--- Data entries ---
*-*-*

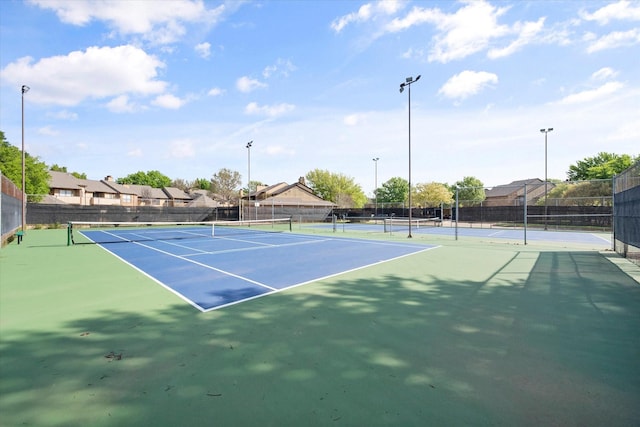 view of tennis court featuring basketball court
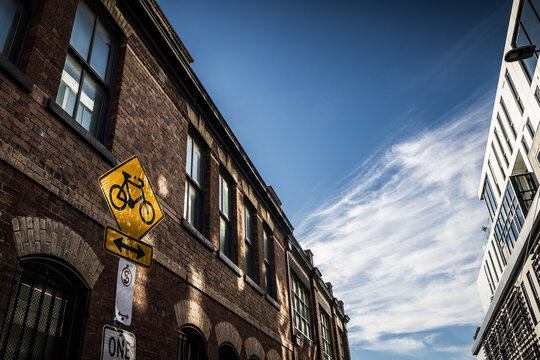 Historic Brick Building with Modern Architecture and Bicycle Signage in Fitzroy Melbourne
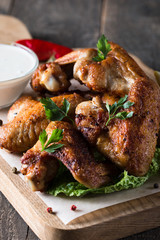 Close-up photo of bbq chicken wings with fries and beer. Barbeques meat with sauces, ketchup, mayonnaise. Fast and junk food concept. 
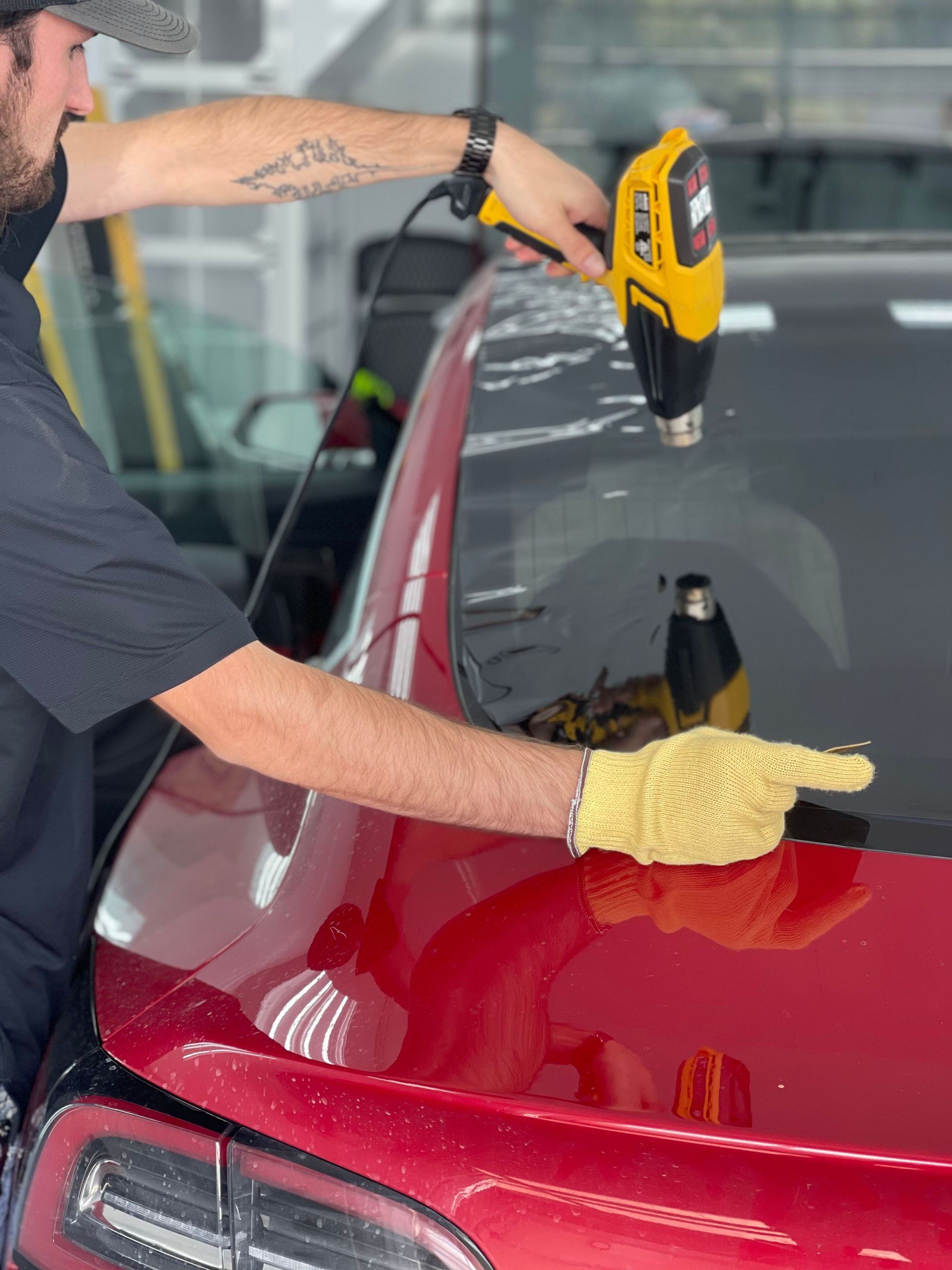A technician uses a heat gun to apply window tint to the rear windshield of a red car.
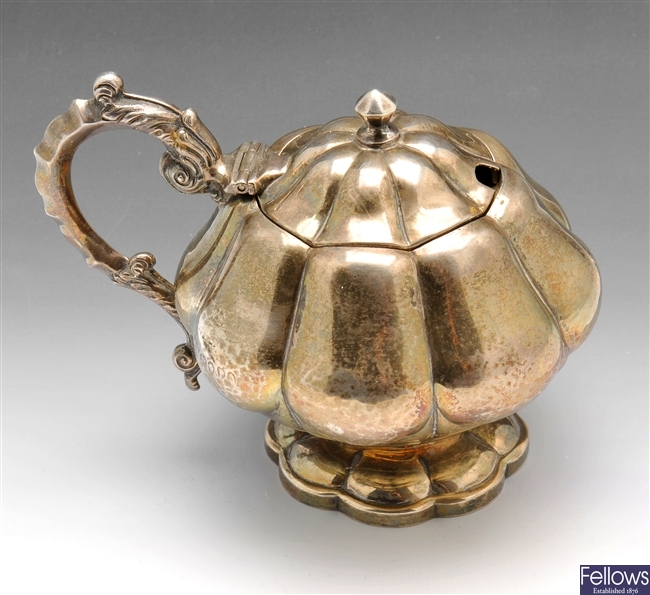A William IV silver mustard pot.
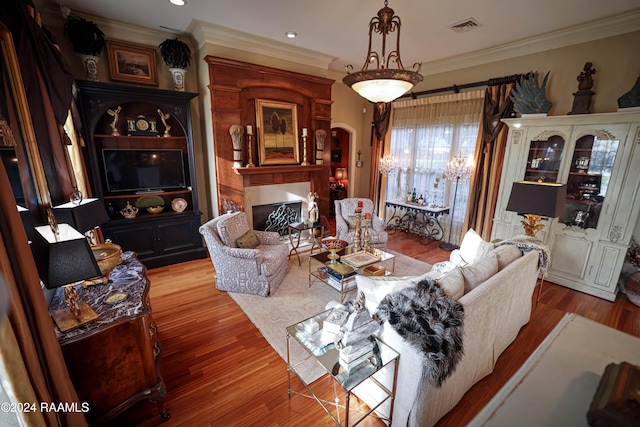 living room with hardwood / wood-style flooring and ornamental molding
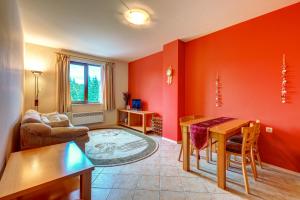 - un salon avec des murs rouges, une table et des chaises dans l'établissement Panorama, à Vodata
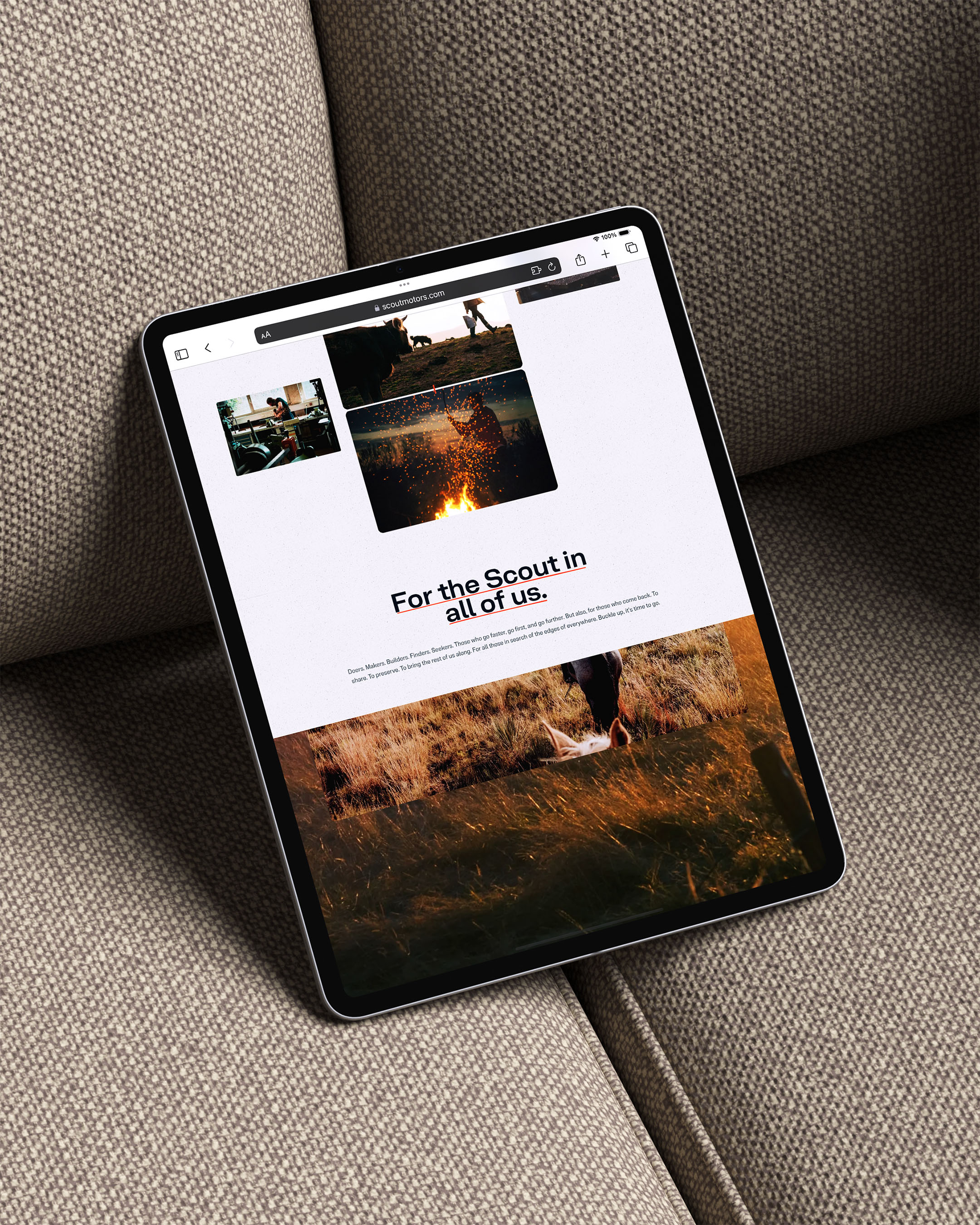Tablet displaying website design with outdoor and nature images, promoting scouting, set against a neutral sofa backdrop.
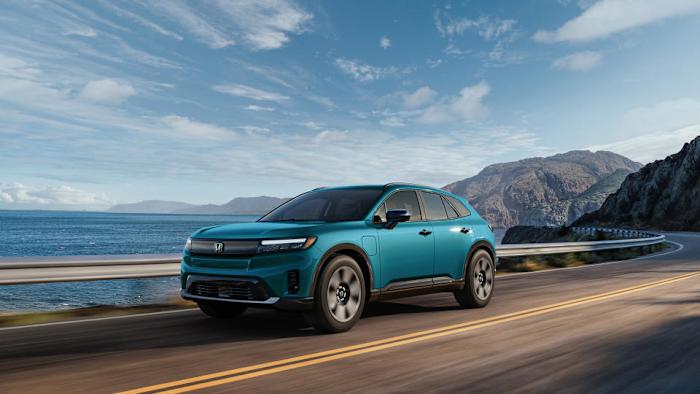 A blue Honda Prologue electric SUV driving down the Pacific Coast Highway.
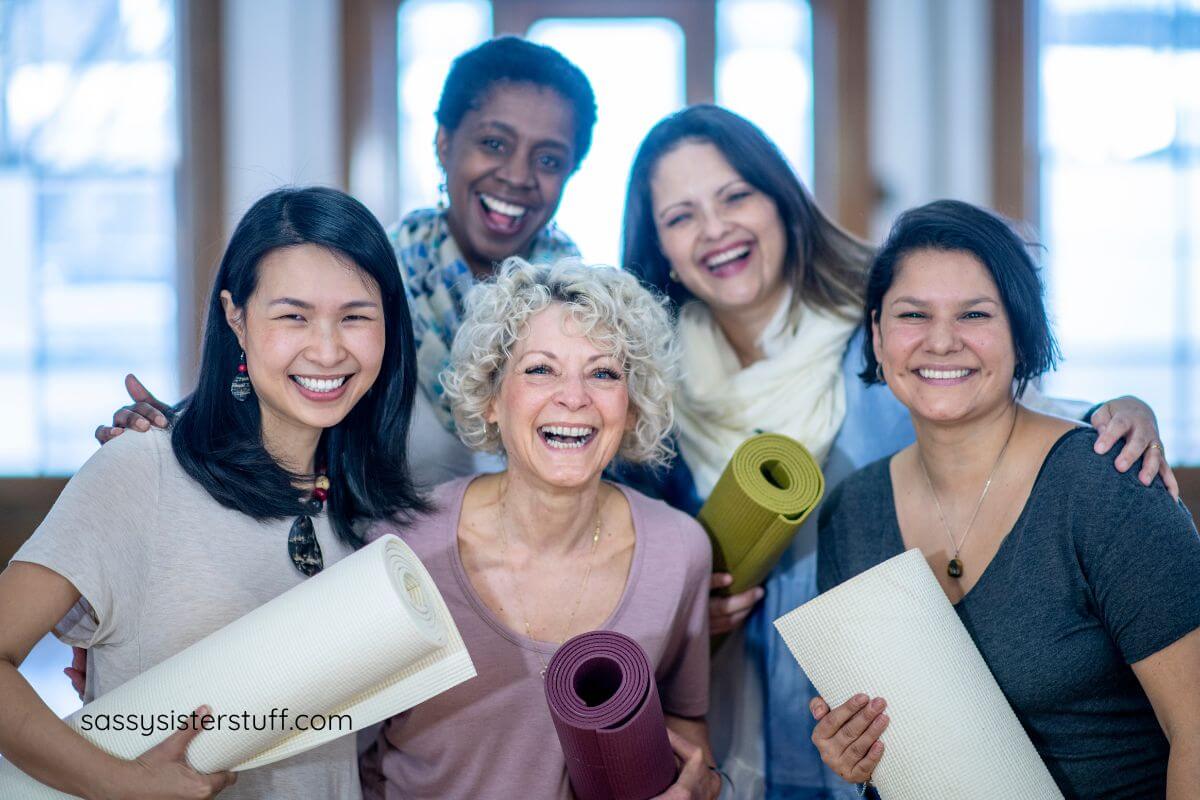 five happy middle aged woman in a yoga studio holding their rolled up mats smiling for a camera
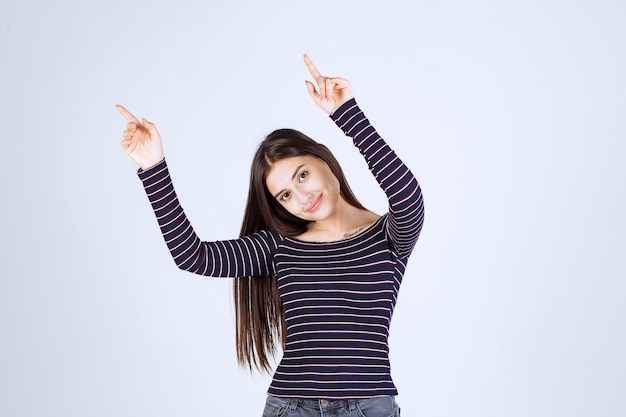 Ragazza in camicia a righe rivolta verso l'alto e mostrando emozioni.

*-*-*

--- Exercise instructions ---
The expected output is every record above, copied exactly, without pictures.

--- Response to the task ---
 view of tennis court featuring basketball court
 Historic Brick Building with Modern Architecture and Bicycle Signage in Fitzroy Melbourne
 Close-up photo of bbq chicken wings with fries and beer. Barbeques meat with sauces, ketchup, mayonnaise. Fast and junk food concept. 
A technician uses a heat gun to apply window tint to the rear windshield of a red car.
A William IV silver mustard pot.
 living room with hardwood / wood-style flooring and ornamental molding
 - un salon avec des murs rouges, une table et des chaises dans l'établissement Panorama, à Vodata
Tablet displaying website design with outdoor and nature images, promoting scouting, set against a neutral sofa backdrop.
 A blue Honda Prologue electric SUV driving down the Pacific Coast Highway.
 five happy middle aged woman in a yoga studio holding their rolled up mats smiling for a camera
 Ragazza in camicia a righe rivolta verso l'alto e mostrando emozioni.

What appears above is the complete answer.